*** Opening of Data extract ***

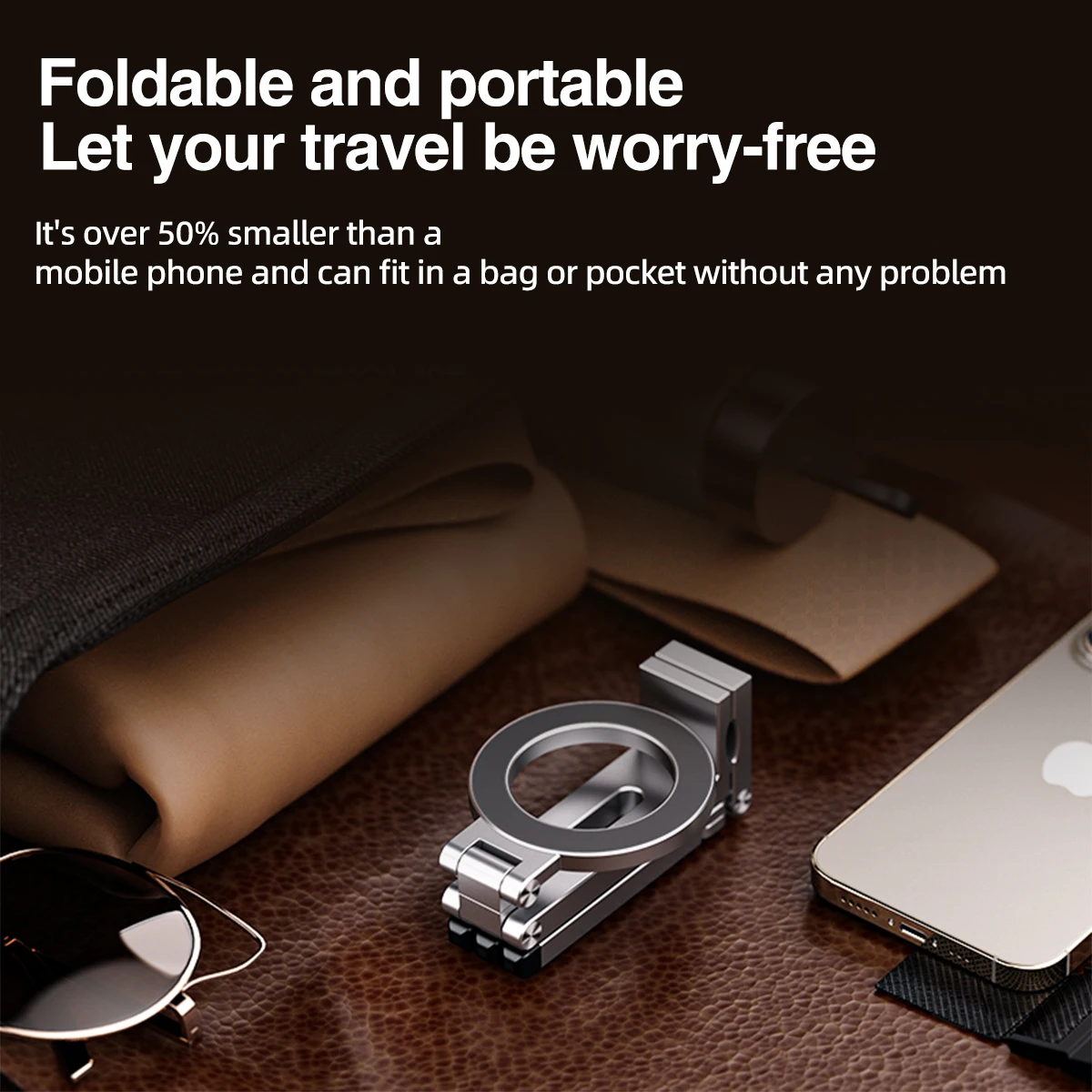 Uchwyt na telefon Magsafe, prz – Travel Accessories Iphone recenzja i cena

*** Close of Data extract ***
*** Opening of Data extract ***

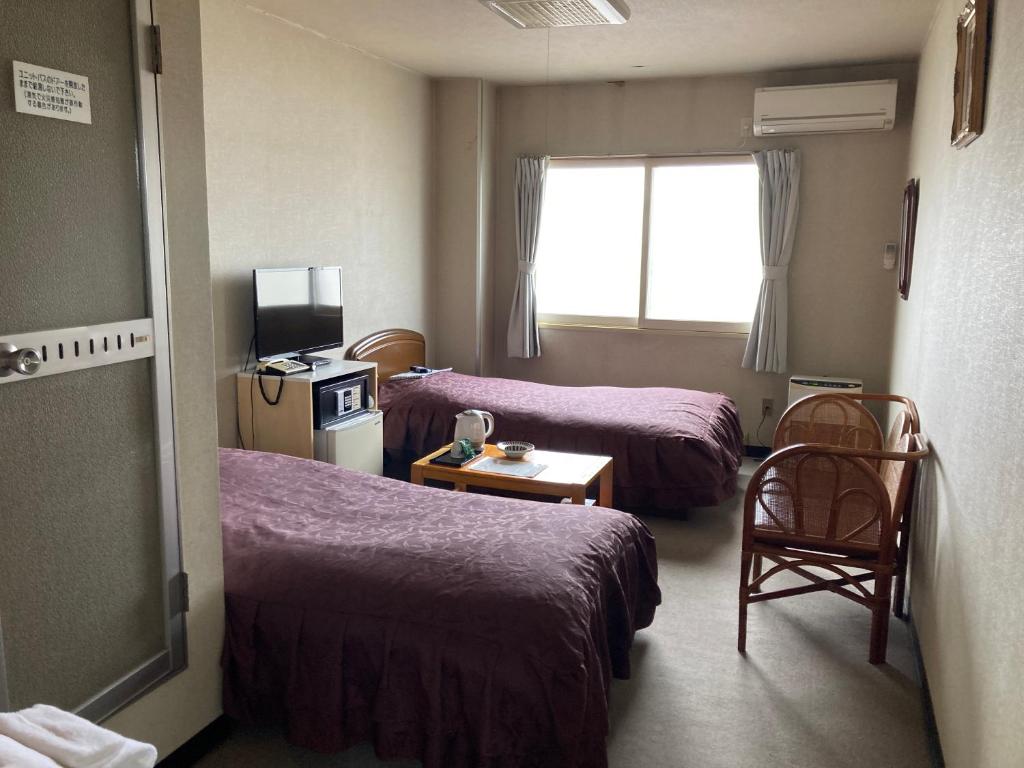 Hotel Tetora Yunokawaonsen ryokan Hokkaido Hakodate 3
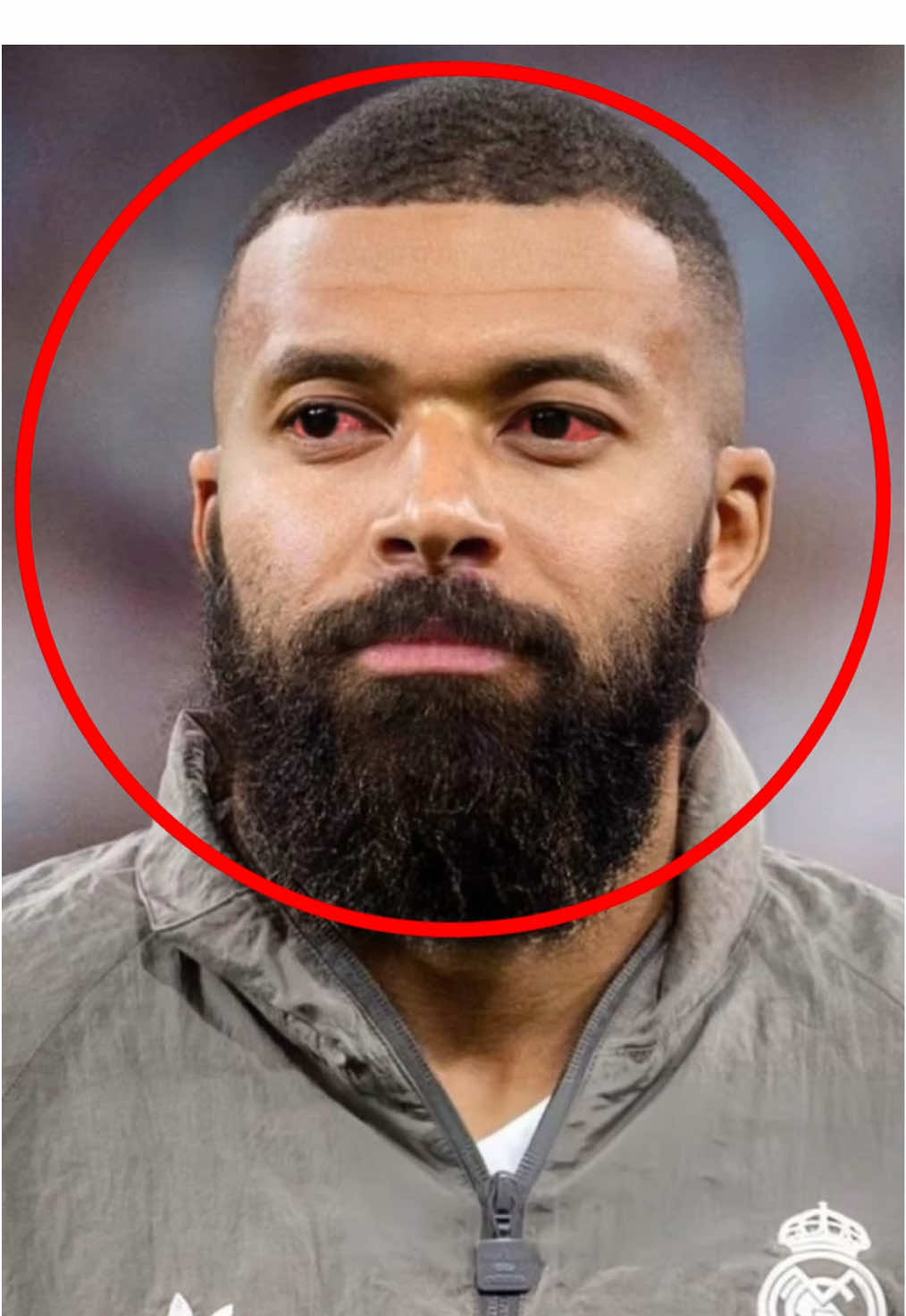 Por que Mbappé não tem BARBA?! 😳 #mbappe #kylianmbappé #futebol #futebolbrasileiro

*** Close of Data extract ***

# About this task:
Print an exact copy of the lines above, from the one containing "Hotel Tetora Yunokawaonsen" through the one containing "Por que Mbappé", and leave out the pictures.

# Response to this task:
 Hotel Tetora Yunokawaonsen ryokan Hokkaido Hakodate 3
 Por que Mbappé não tem BARBA?! 😳 #mbappe #kylianmbappé #futebol #futebolbrasileiro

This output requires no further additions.